== GOAL OF THE EXERCISE ==
Exactly as written, set down the lines from the top of the entries through the line bearing "Notice the blue", with every picture left out.

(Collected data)
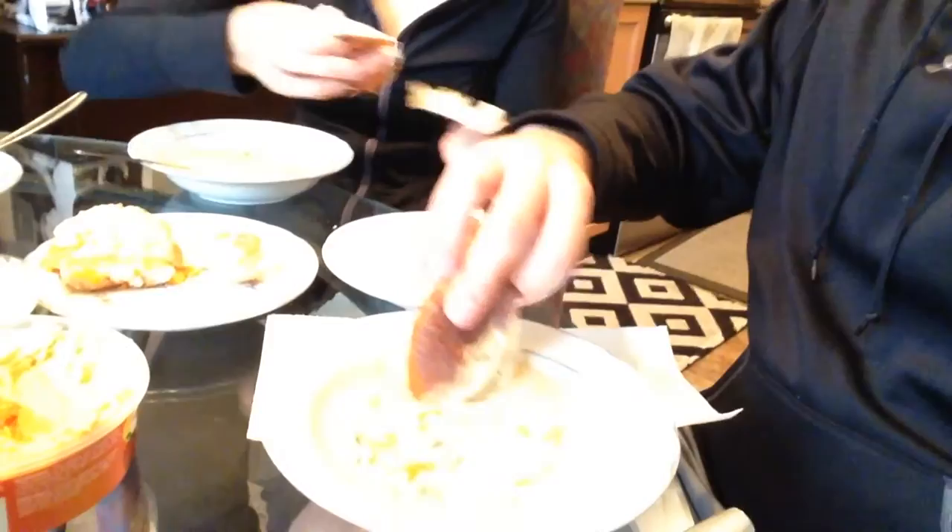And we even have our pretzel buns. Oh yeah, try it with the pretzel bun — rip it in half. Pretzel bun it up. How is it? Super good. Good. It worked out well.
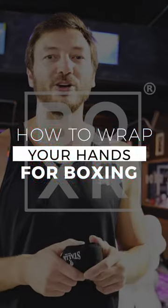Hi guys, my name is Sergei Novikov. I'm a professional boxer and today I show you how to wrap your hands.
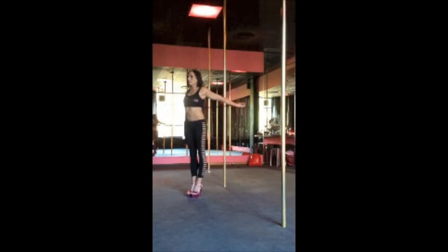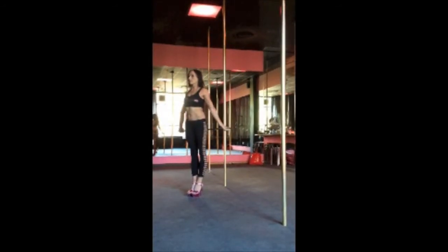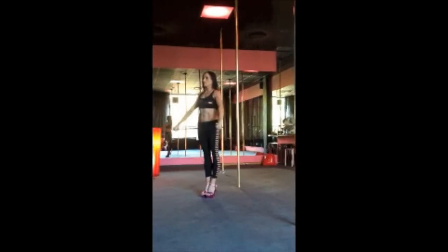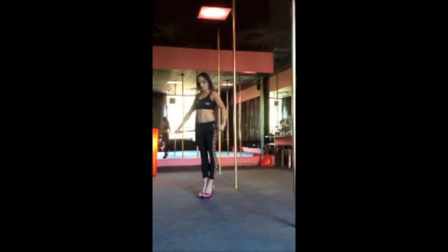Hi, I am Portia, Miss Poldance Australia 2013. In this clip I am going to demonstrate one of my favourite stretches for increased shoulder flexibility.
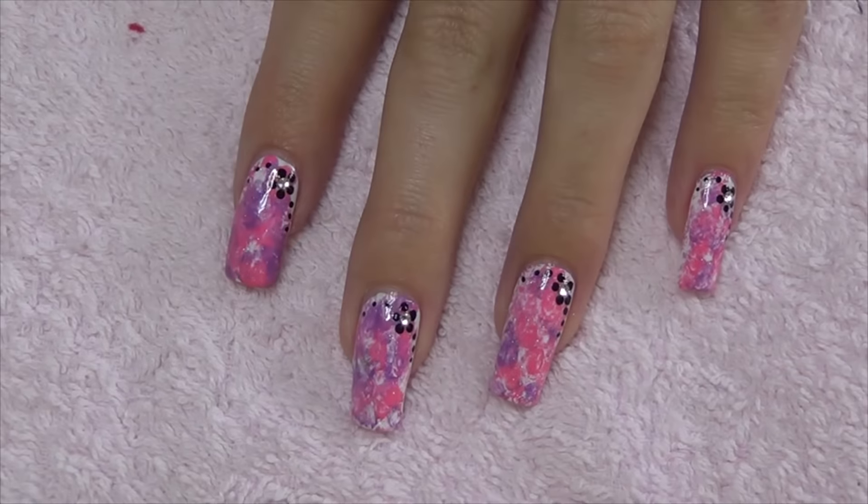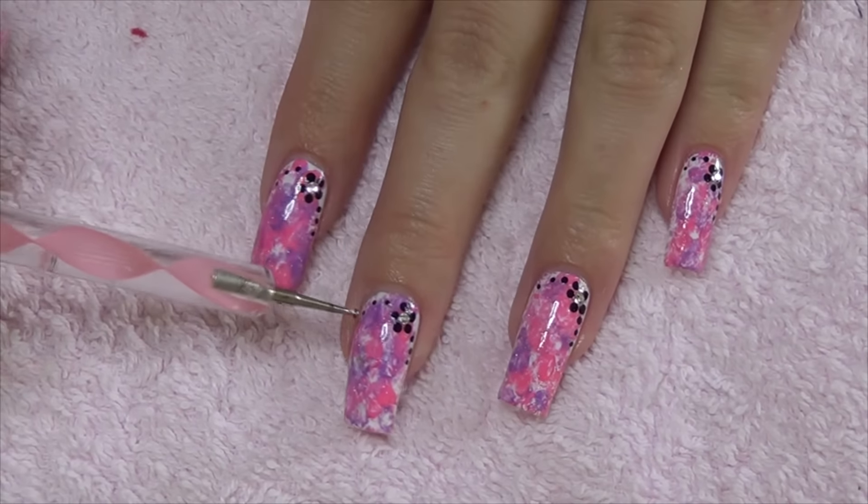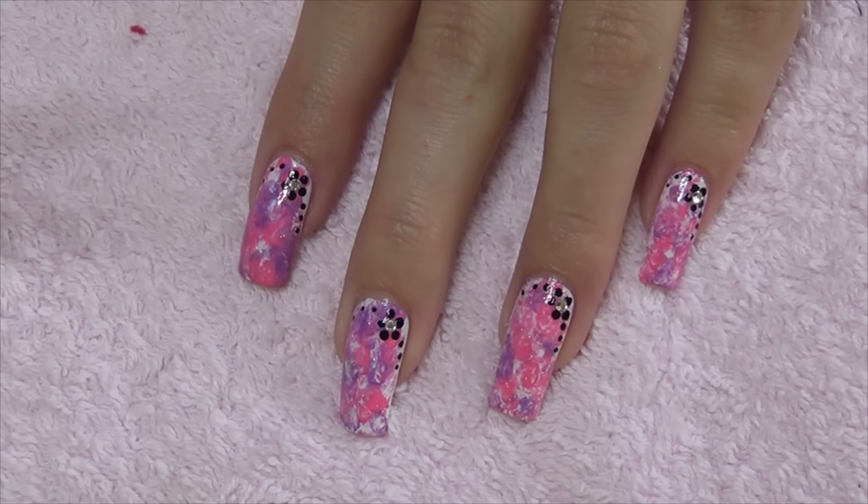Just to add a little bit of detail around the cuticle, we're going to make a small five-petal flower, some dots coming out either side, and place a crystal in the center.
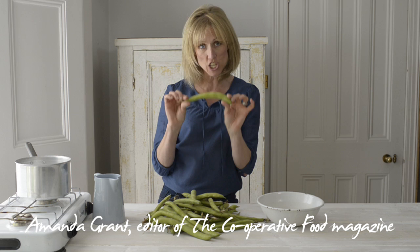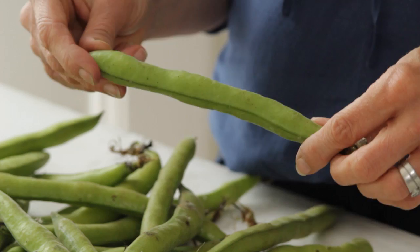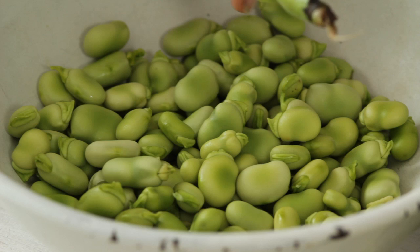Double podding means taking the beans out of the long shell and then taking each individual bean out of its leathery skin. First break the pods — you can simply snap them, or run your finger along to open each pod and then run your thumb along the furry inside to push the beans out.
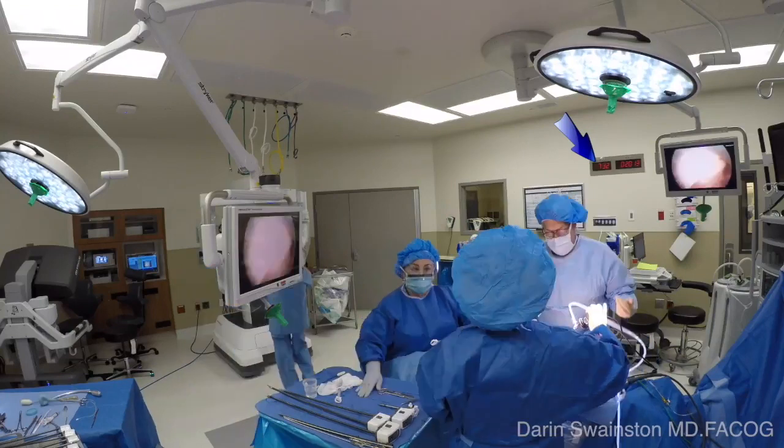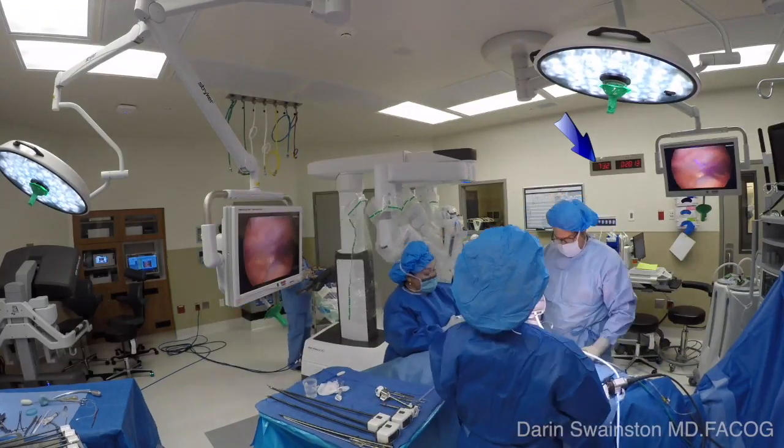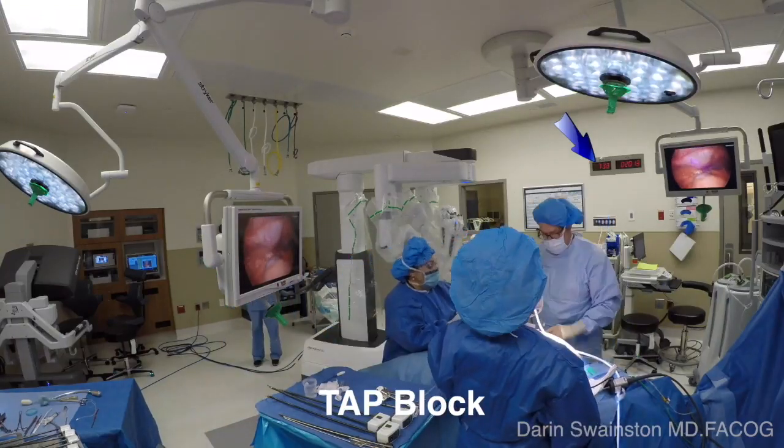Notice the blue clock on the wall showing the time. At the bottom of the screen, I'll show you another time as well. Notice the nurse behind me is preparing the XI to bring it in when I'm ready.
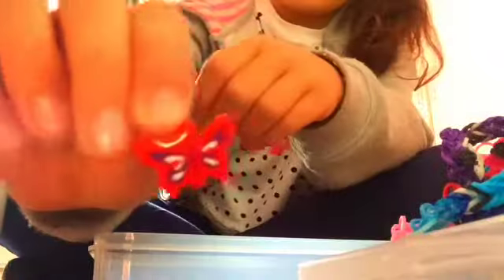Then I just have my charms. I have a handbag with a little love heart, a butterfly, a heart, an ice cream, a flower, a little dog, a seahorse, and another green ice cream.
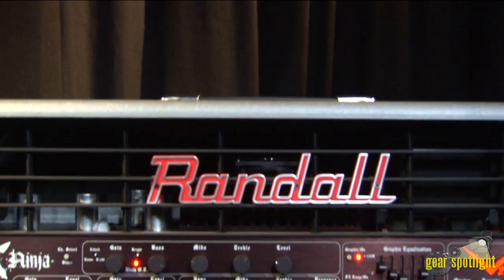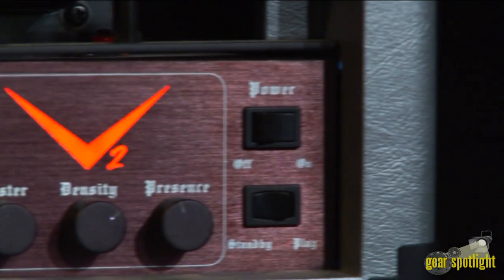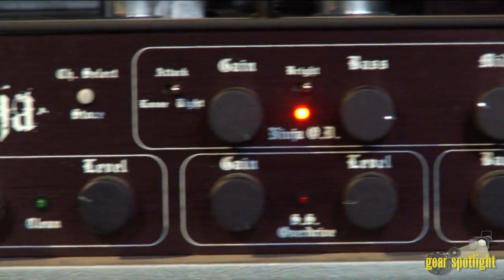The V2 Ninja utilizes a full tube preamp as well as the classic Randall solid-state preamp. The V2 Ninja head is a three-channel head with a classic solid-state clean channel, the classic Randall overdrive channel, and an all-tube preamp channel with attack and bright switches.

== OUTPUT FOR THIS EXERCISE ==
And we even have our pretzel buns. Oh yeah, try it with the pretzel bun — rip it in half. Pretzel bun it up. How is it? Super good. Good. It worked out well.
Hi guys, my name is Sergei Novikov. I'm a professional boxer and today I show you how to wrap your hands.
Hi, I am Portia, Miss Poldance Australia 2013. In this clip I am going to demonstrate one of my favourite stretches for increased shoulder flexibility.
Just to add a little bit of detail around the cuticle, we're going to make a small five-petal flower, some dots coming out either side, and place a crystal in the center.
Double podding means taking the beans out of the long shell and then taking each individual bean out of its leathery skin. First break the pods — you can simply snap them, or run your finger along to open each pod and then run your thumb along the furry inside to push the beans out.
Notice the blue clock on the wall showing the time. At the bottom of the screen, I'll show you another time as well. Notice the nurse behind me is preparing the XI to bring it in when I'm ready.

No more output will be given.